Les créateurs de ces deux enseignes se connaissaient. Lina Ghosn et Jean-Paul Bou Antoun, tous les deux d’origine libanaise, ont ouvert leur premier restaurant à Paris la même année, en 1989. La première a innové en lançant un concept de restauration rapide haut de gamme tandis que le second a offert aux Parisiens de découvrir la cuisine libanaise sous une forme nouvelle. « Les quelques restaurants libanais présents à l’époque à Paris étaient déjà très réputés, rappelle Ziad Bou Antoun. Mon père a fait la différence en créant l’idée de l’assiette composée plus adaptée aux habitudes de consommation des Européens. Il a été critiqué pour cela. Mais aujourd’hui, tout le monde fait pareil. » Les deux enseignes ont cependant évolué différemment. Noura a misé sur la croissance interne, lentement mais sûrement, alors que le modèle de Lina’s repose depuis 1994 sur la franchise, avec de nombreuses boutiques en France et à l’international. Au moment de son rachat au fonds de placement français Cogexco, le réseau Lina’s comptait 55 établissements, dont deux seulement étaient gérés par le franchiseur lui-même, à Paris. Passé de fonds de pension en fonds d’investissement à partir de la fin des années 1990, la marque semble avoir pâti d’une stratégie davantage financière qu’industrielle. « Le concept souffrait d’un déficit de renouvellement et d’innovation, analyse Ziad Bou Antoun. Beaucoup de boutiques ont fermé entre 2011 et 2013, ce qui a laissé les concurrents s’installer dans le paysage. » Alors qu’elle était négative avant sa reprise par Noura, Lina’s affiche depuis 2014 une rentabilité positive.

Un développement lent, mais solide

Pourtant, se retrouver à la tête d’une franchise n’allait pas de soi pour Noura.

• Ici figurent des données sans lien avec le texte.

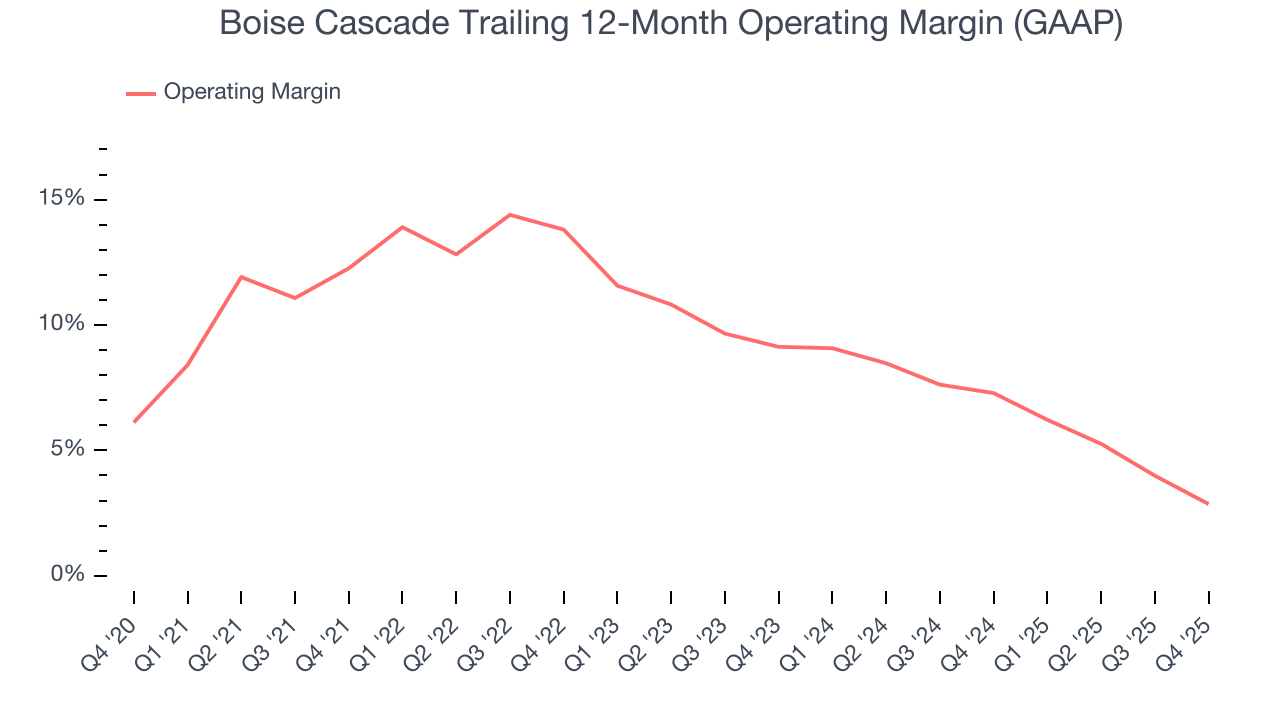 Boise Cascade Trailing 12-Month Operating Margin (GAAP)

La culture entrepreneuriale de la famille n’est pas à la délégation ni à la croissance rapide, deux principes de la franchise. « Nous n’avons jamais eu de plan de développement avec objectifs chiffrés, ni l’ambition d’ouvrir quantité de magasins, insiste Ziad Bou Antoun. Lorsque l’opportunité d’un bon emplacement se présente, nous la saisissons. Et nous attendons d’avoir remboursé un investissement avant d’en lancer un autre. » Cette gestion « en bon père de famille » a porté ses fruits. Vingt-six ans après l’ouverture du premier restaurant avenue Marceau à Paris, la santé financière de Noura est solide. N’ayant connu aucune fermeture, elle fait aujourd’hui travailler environ 480 salariés dans douze établissements – des restaurants gastronomiques, d’autres de type “brasserie”, des boutiques-traiteurs – auxquels s’ajoute un service de livraison-traiteur. Elle tient des stands éphémères sur des sites « à belle image » comme les qualifie Ziad Bou Antoun – grands magasins, salons professionnels et, l’été dernier, le palace Carlton InterContinental de Cannes. Et, fait moins connu, dirige deux restaurants italiens sous la marque Prego, à proximité des restaurants Noura de l’avenue Marceau et de Val-d’Europe (proche d’Euro Disney).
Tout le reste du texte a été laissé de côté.